Can ETFs maintain liquidity during times of market turbulence, or should rules be changed to allow ETF providers to pay market makers directly in order to ensure stability? That’s the debate currently raging among market participants. At Bloomberg, Ksenia Galouchko reports on the problem and possible solutions:
Some see a potential cure in a practice that’s commonplace from Italy to the U.K. but banned in America: ETF providers paying market-makers directly. The argument goes that conflict-of-interest concerns are misplaced — and that traders under contract to keep transacting in passive instruments will do so come hell or high water.
While U.S. regulators are keeping mum on the issue, it’ll likely be a hot topic at industry conferences heading into year-end, said GTS’s Reggie Browne, who supports a “modernization” of ETF market-making rules.
“Particularly in times of stress and at the end of cycle, you never know what’s going to happen, and you want all participants to be active in the marketplace,’’ said the principal at the trading giant.
Increasingly fragile investor sentiment this summer is sparking ever-more extreme swings, with August registering a blinding Treasury rally, stock reversals rarely seen in this multi-decade bear run and a historic sell-off in some emerging-market bonds.
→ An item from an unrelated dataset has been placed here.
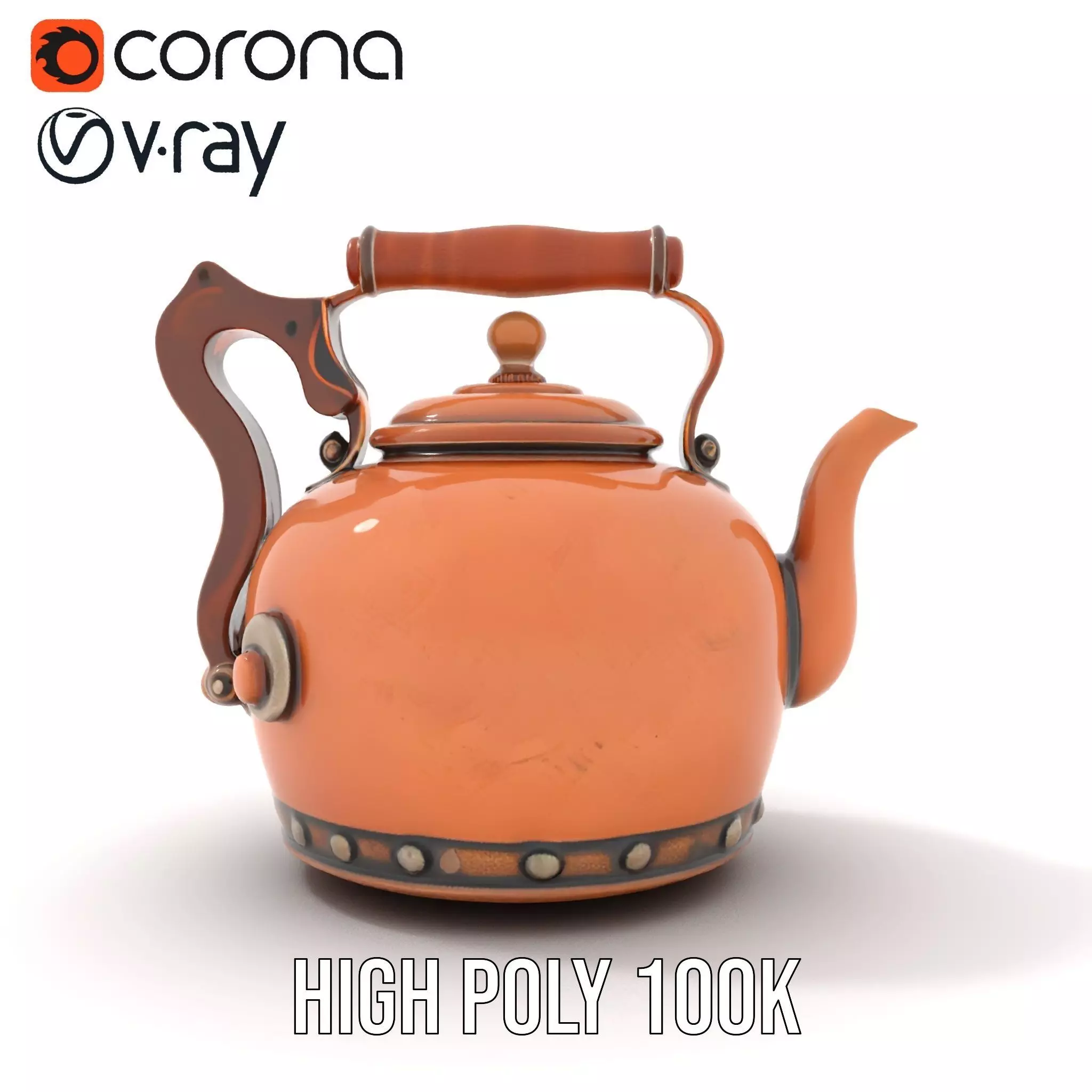 Vintage Copper Teapot model pack Low-poly 3D model_23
ETFs are particularly vulnerable to sudden shifts in sentiment since they’re bought and sold throughout the day.
Paying market-makers directly would help ensure they remain committed to providing competitive quotes even if markets become roiled, some argue. Smaller products that are neglected by these traders under the current regime would stand to benefit the most, according to Louis Odette, a strategist at Citigroup Inc.
That’s because under current rules market-makers, who help to keep an ETF’s price in line with its underlying value, are compensated by exchanges according to trading volumes, leaving smaller funds vulnerable to being shunned when it becomes uneconomical to support them.
“If there’s market turmoil, the market-maker is more likely to step away if they don’t have a commercial obligation,” said Hector McNeil, co-founder of ETF platform HANetf in London and a 20-year industry veteran. “Market-making agreements create a very solid foundation and framework for issuers to demand a decent service level from the market-makers.”